When I trained ANN model, sometime training set has high R-square but testing set has low R-square. How to explain this situation? Is there any over-fitting problem? (Show in figure) Regression

enter image description here

Jeffrey
  • 5
  • 5

2 Answers2

1

In addition to what written by @enricoanderlini, I would also point out that there don't seem to be many datapoints in your test set. Having a (small) number of points, exposes you, even more, to the impact of leverage / influential points (you can also read about it here). With regards to this, @enricoanderlini is correct when he suggests cross-validation.

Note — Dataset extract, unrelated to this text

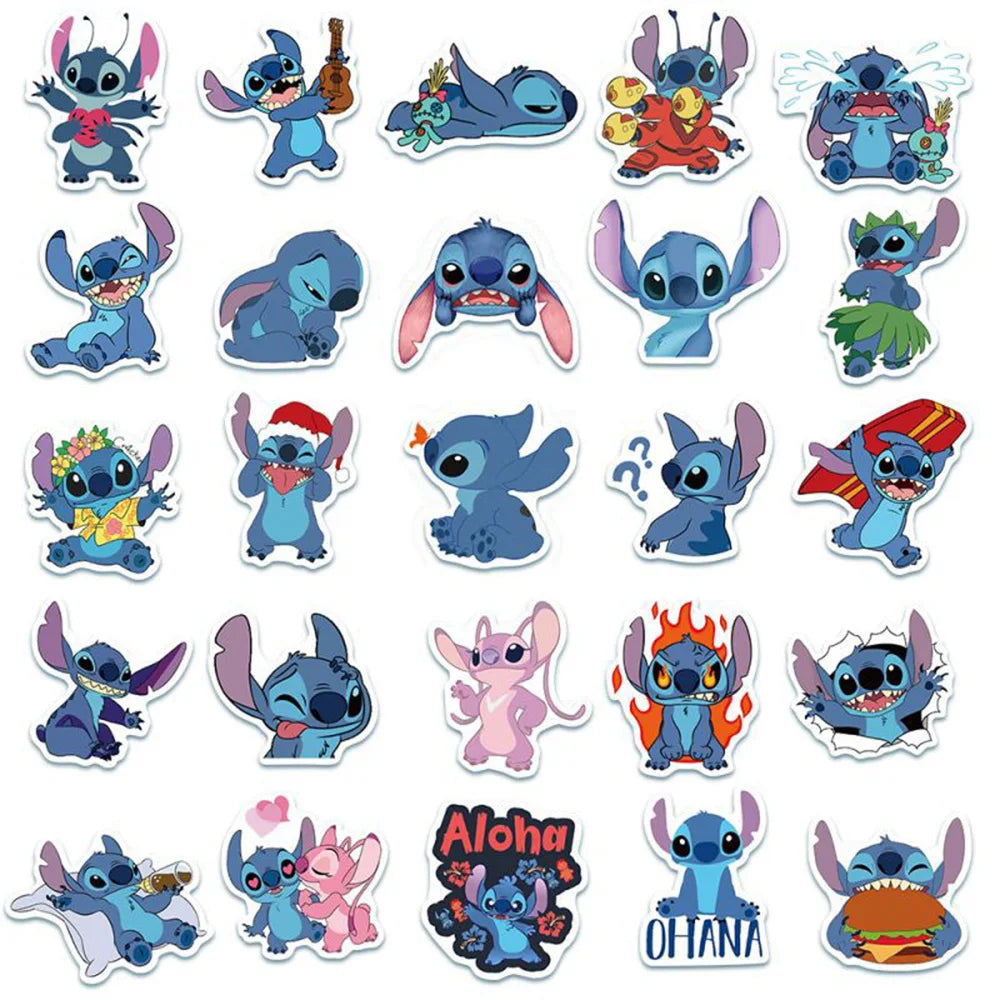Lilo & Stitch Stickers Pack – 10/30/50/100 PCS Cartoon Decals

Interestingly, while the focus is often on model capacity (degrees of freedom), your set-up highlights that ANN calibration, in a train-validate-test pipeline, is "hungrier" of datapoints than, say, just a OLS with a train-test split.

IcannotFixThis
  • 1,151
  • 7
  • 20
0

The results seem to suggest overfitting is a problem at the moment.

Have you tried to select the training, validation and test sets differently? What I mean is, choose a number of different sets, say 5-10, from the whole data set you have. This way if you observe the same behaviour with all of them you know you have to redesign the NN.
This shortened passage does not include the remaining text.